(Forbes first published my article here.)
Mediocre business presentations rarely melt hearts, mend behavior, or motivate listeners to action. After three decades of coaching clients who need to deliver a critical business presentation, I’ve created a list of habits that put audiences to sleep in under 20 seconds.
Here goes…
When I question coaching clients about their typical method of creating a presentation, the most common answer is this: “Well, I start with my slides. Either I create new ones or select some from other presentations I’ve delivered for other purposes.”
Such an approach will almost surely result in failure.
This approach would be like starting to build a house by contacting various suppliers and asking them to deliver to your vacant lot lumber, electrical wiring, plumbing fixtures, sheetrock, paint, concrete, sand, and roofing tiles—in amounts and styles based on your guess of what you might need. Who does that? Nobody.
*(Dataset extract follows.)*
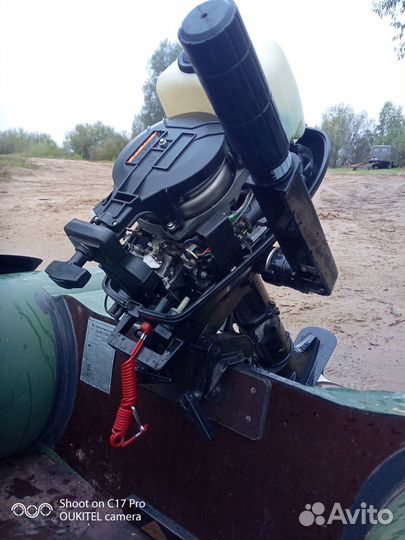 Подвесной лодочный мотор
Instead, your first stop is the architect’s office to design house blueprints. And the first few questions the architect will ask you: “How many bedrooms do you need?” How many baths?” “Tell me a little about your lifestyle. What are you looking for in your dream house?” “Do you do a lot of entertaining?” “Do you do gourmet cooking?” “Do you have in mind a 2-car, 3-car, or 4-car garage?”
Ditto for designing a business presentation: Design the message before you start creating slides. Ask yourself these questions:
With these answers, then—and only then—are you on the right track to structure your presentation.
Sure, data increases credibility for your point or proposal. But that assumes you deliver the data properly. Overwhelming your audience with stats can paralyze them, bury them in rumination, and styme decision making.
Select only the most salient stats, and round them off so the audience can remember them (“Roughly half of our projects” is easier to remember than “47.9% of our projects.”) If you need to add more detailed data, provide that in hardcopy for later reference.
By all means, avoid dumping it all orally during the presentation. As with many things, fewer stats is more.
Don’t tell people what they already know. I often get push-back on this advice: “But don’t I have to go back and fill the group in on the problem? Tell them what’s been done in the past and why it didn’t work? Don’t they need that background before I can propose something new?”
No. No, you don’t. People will never understand your background until they know your point. Tell them where you’re headed right up front. For example: “We are experiencing delays of 14-18 days in completing our client projects as guaranteed. To resolve these delays, I’m proposing that we hire two new analysts, extend the ‘promised date’ to clients, and buy XYZ software.”
Once your audience knows where you’re going and what decision you expect them to make, then circle back and fill in the supporting details.
Ask the typical presenter if they rehearse presentations, and most will insist that they do. But that “typical rehearsal” looks like this: The presenter flips through each slide, mentally recalling what details he or she will add. They also may print out an outline with the numbered slide headlines. Done. That’s it.
But a polished presentation warrants a real rehearsal: A walk-through rehearsal, meaning you’re standing in front of the room (or at your virtual presentation platform), talking through the presentation. In doing so, you’ll become aware of several things to fix: Weak openings. Missing transitions from point to point. Awkward phrasing. Slides that are unclear or out of best sequence. A wandering, rather than crisp, wrap-up.
I’m not saying you have an attitude. I’m saying you need one. Weak presenters fear being too animated, too passionate, too opinionated, too loud, too soft, too direct.
The problem? Your audience takes their cue from you. If you don’t show passion and interest in your ideas/information, they won’t either. Your interest interests them! They must sense that you believe in what you’re saying—its validity, its importance, its urgency.
Packaged, this advice about tone means your body language and voice must support your message with energy.
So unless your goal is creating and delivering a lousy presentation, sidestep all these common pitfalls. Instead, design your message of interest to the audience. Create any necessary slides to support that message. Add just enough data to prove your point. Forget the “background,” working in only necessary details as you move along in your presentation. Rehearse. Then deliver your message like you believe what you’re saying!